Information provided:
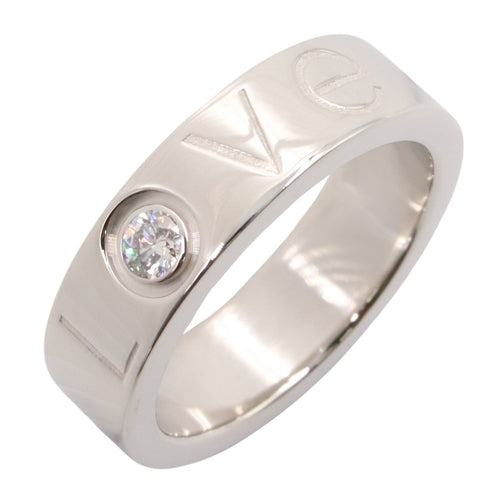 Cartier Ring 2006 1P K18Wg 1Pd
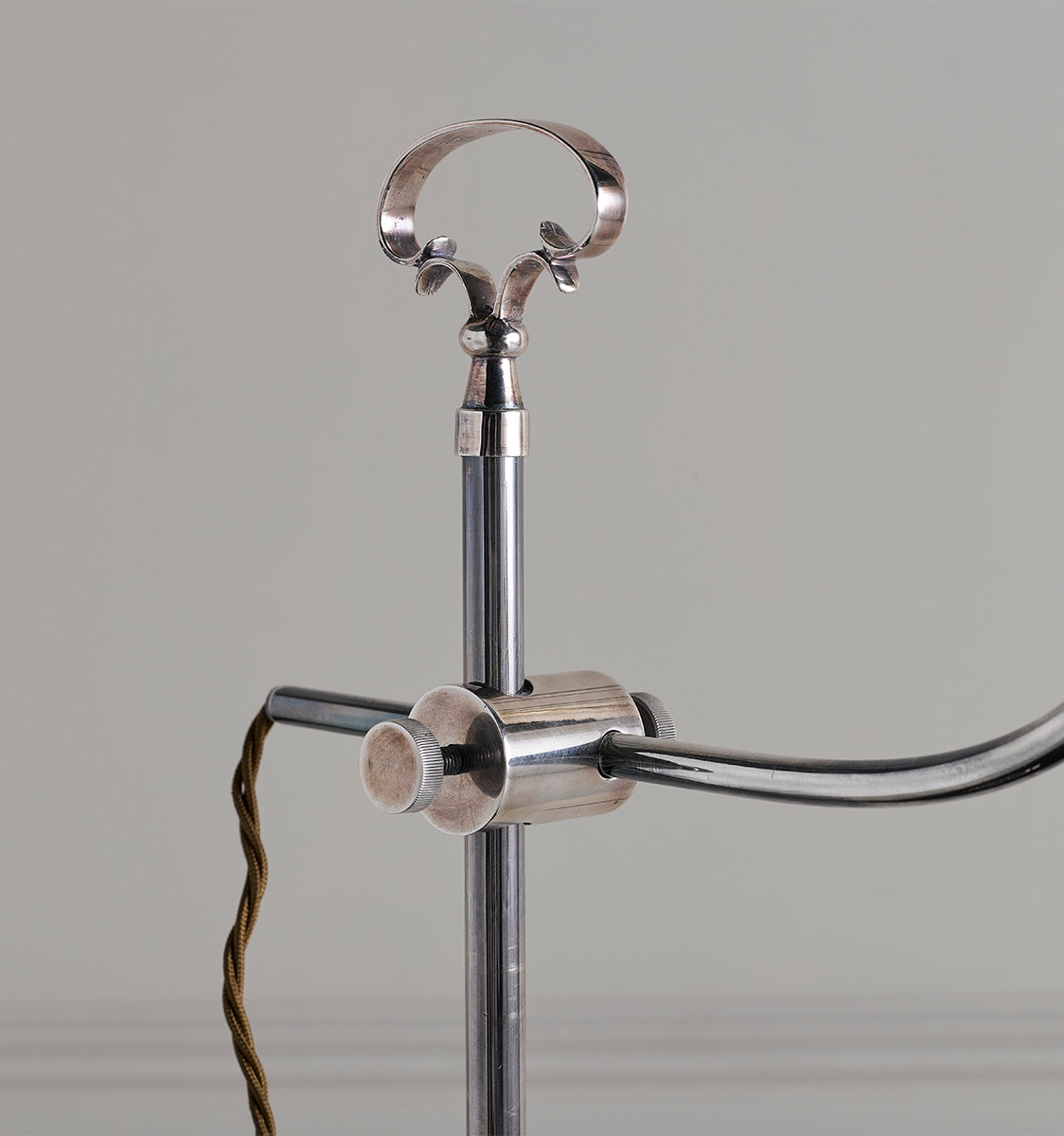 Desk Lamp - Antique Silver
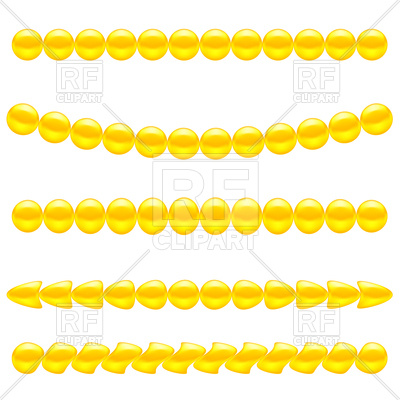 400x400 Yellow Pearl Necklaces Royalty Free Vector Clip Art Image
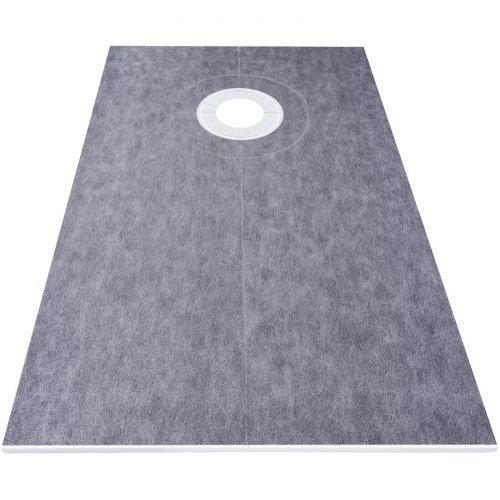 Eltolt Lefolyós Vízszigetelő Zuhanytálca PVC 965×1524 mm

Exercise details: Transcribe exactly, and without any pictures, each line from the one that holds "400x400 Yellow Pearl" through the final line of the material above.

Task result:
 400x400 Yellow Pearl Necklaces Royalty Free Vector Clip Art Image
 Eltolt Lefolyós Vízszigetelő Zuhanytálca PVC 965×1524 mm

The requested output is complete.